(Task input)
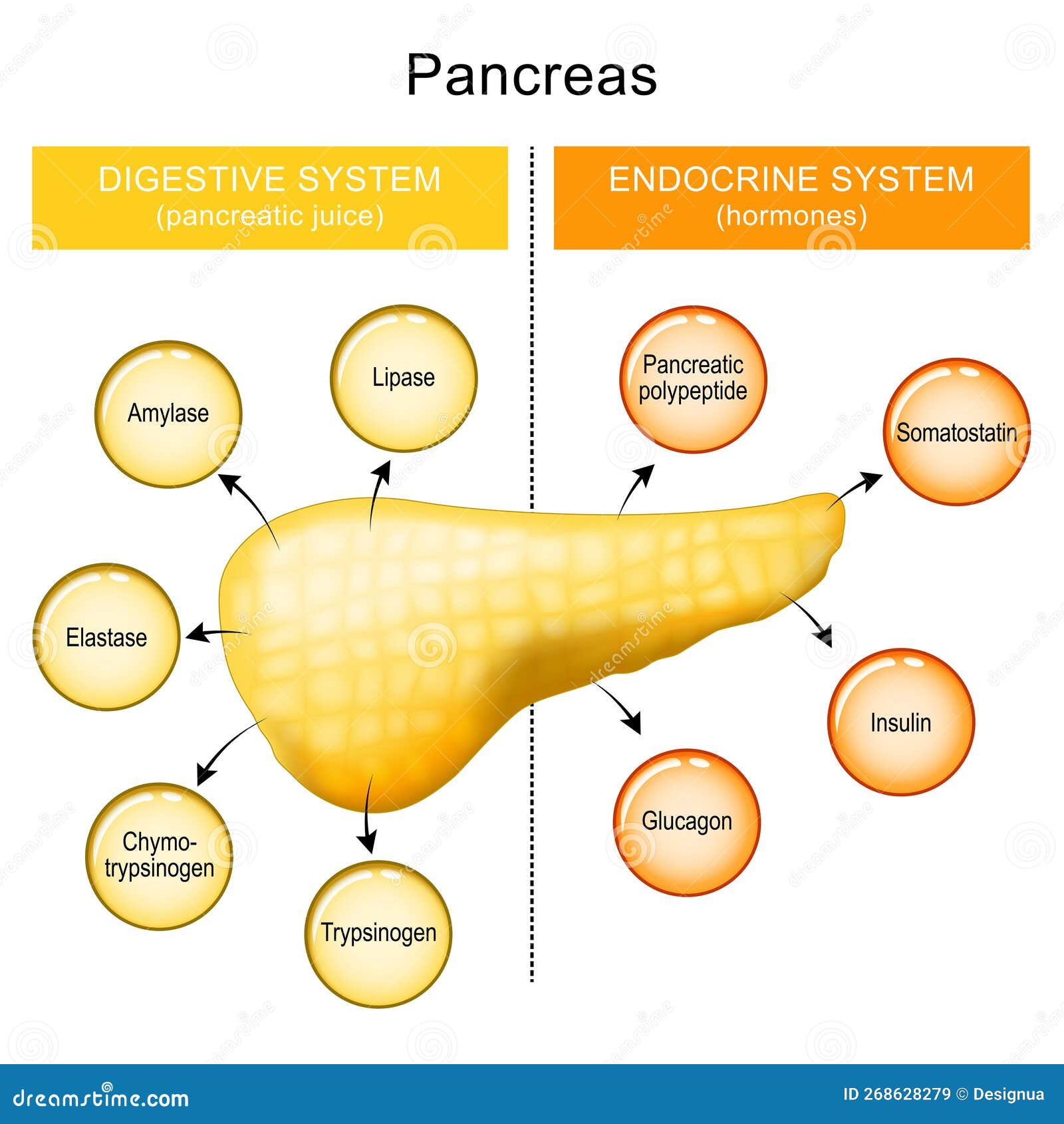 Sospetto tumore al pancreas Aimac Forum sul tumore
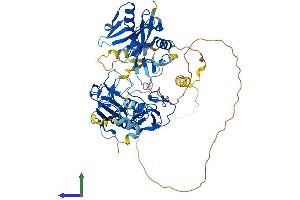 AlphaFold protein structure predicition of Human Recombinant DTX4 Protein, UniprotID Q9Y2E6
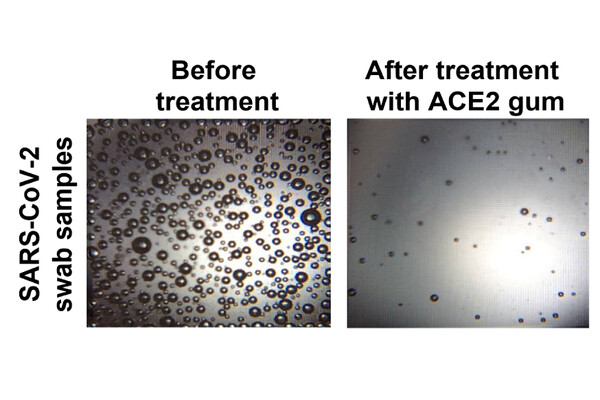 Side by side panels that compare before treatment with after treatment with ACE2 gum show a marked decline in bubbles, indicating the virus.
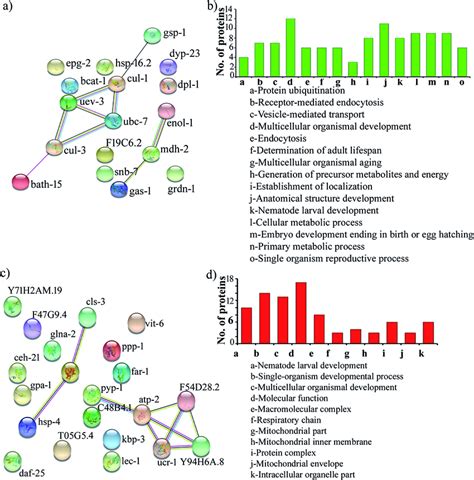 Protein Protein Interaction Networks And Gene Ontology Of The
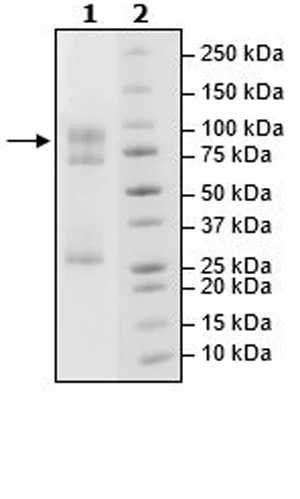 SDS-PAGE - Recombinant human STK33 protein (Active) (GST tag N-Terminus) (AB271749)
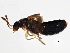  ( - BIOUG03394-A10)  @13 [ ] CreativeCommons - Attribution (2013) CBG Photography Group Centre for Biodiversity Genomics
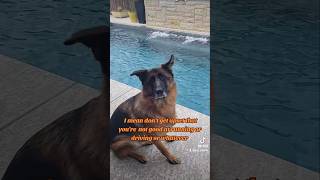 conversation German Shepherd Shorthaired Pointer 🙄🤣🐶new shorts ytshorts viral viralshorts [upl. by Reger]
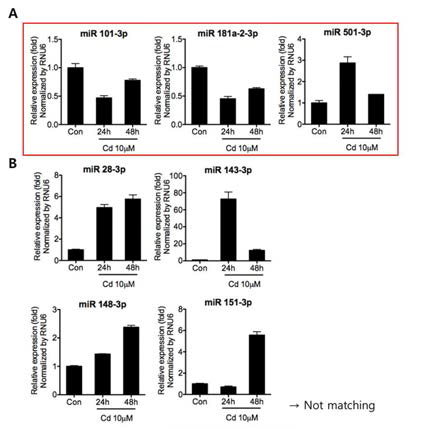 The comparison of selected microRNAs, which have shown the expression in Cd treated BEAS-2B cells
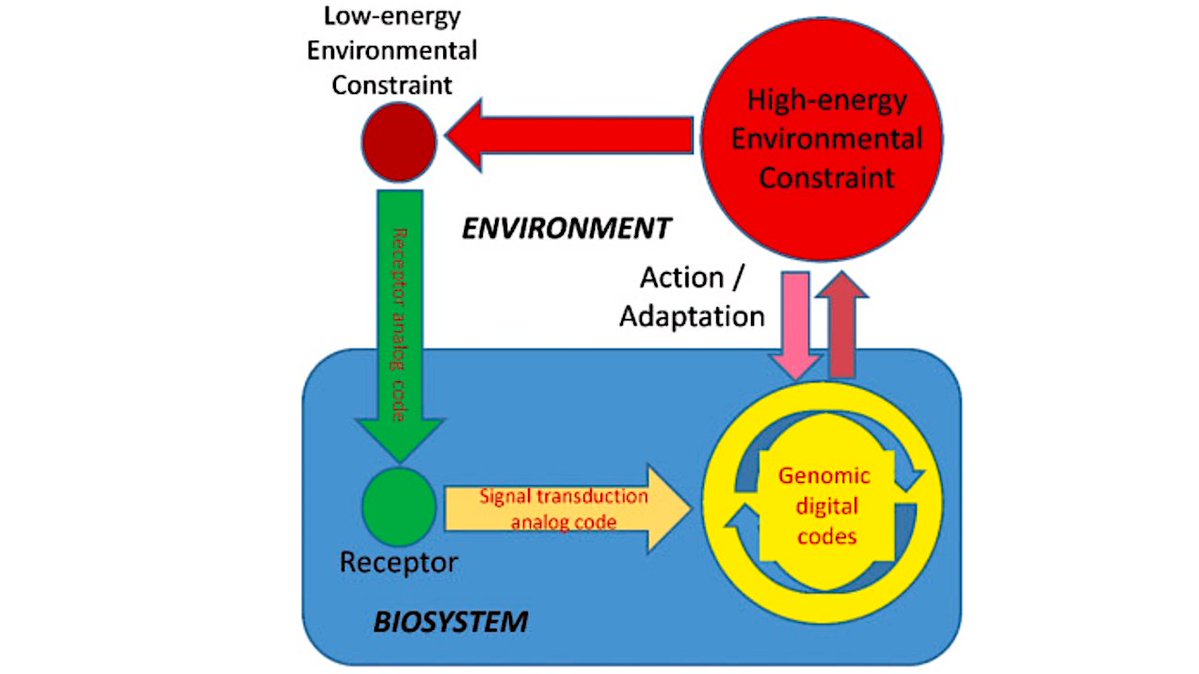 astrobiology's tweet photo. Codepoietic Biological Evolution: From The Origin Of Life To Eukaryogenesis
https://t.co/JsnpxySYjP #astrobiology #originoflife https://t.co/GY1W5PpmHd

==

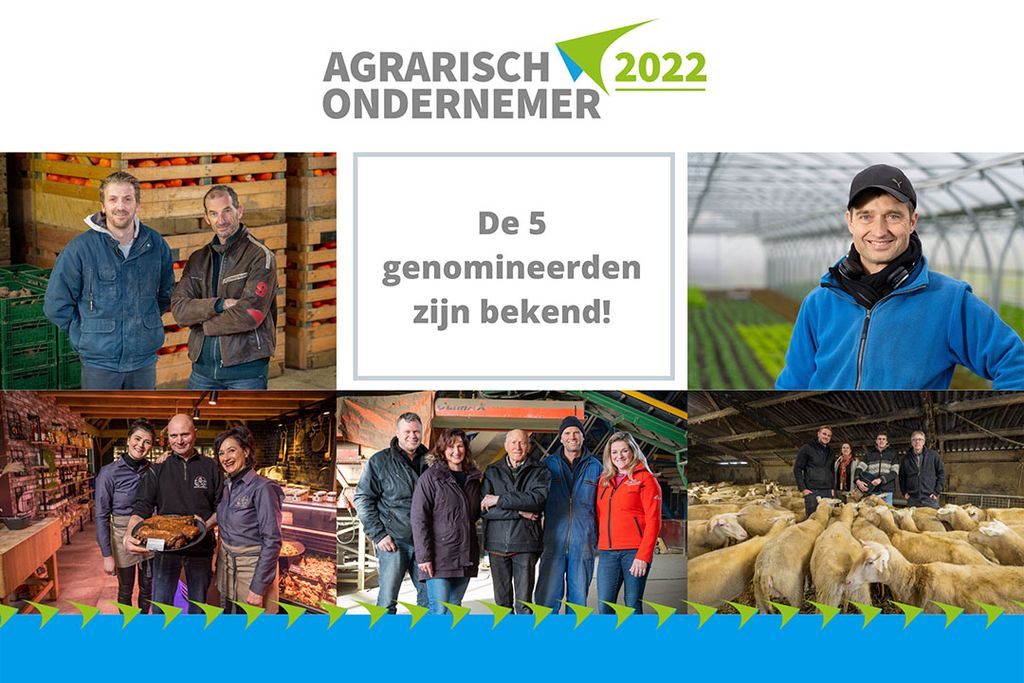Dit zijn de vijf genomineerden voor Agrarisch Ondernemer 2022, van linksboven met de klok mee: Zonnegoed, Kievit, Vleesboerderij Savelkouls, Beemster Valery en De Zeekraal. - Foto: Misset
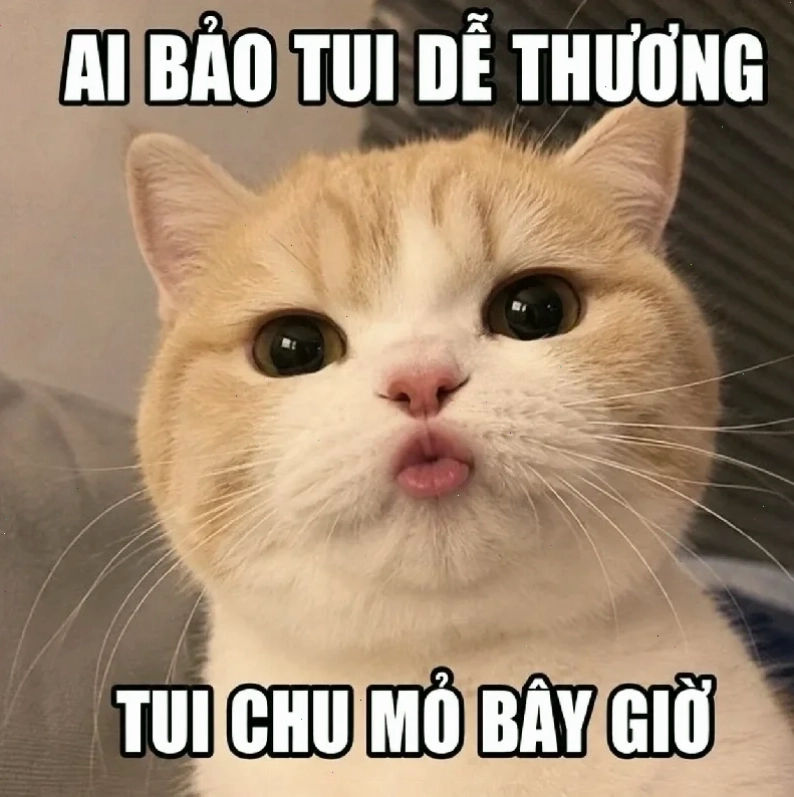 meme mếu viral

(About this task)
When you reach the line with "The comparison of" in the records above, start writing out each line exactly, and stop after the line with "https://t.co/JsnpxySYjP #astrobiology #originoflife". Pictures stay out.

(Answer)
 The comparison of selected microRNAs, which have shown the expression in Cd treated BEAS-2B cells
 astrobiology's tweet photo. Codepoietic Biological Evolution: From The Origin Of Life To Eukaryogenesis
https://t.co/JsnpxySYjP #astrobiology #originoflife https://t.co/GY1W5PpmHd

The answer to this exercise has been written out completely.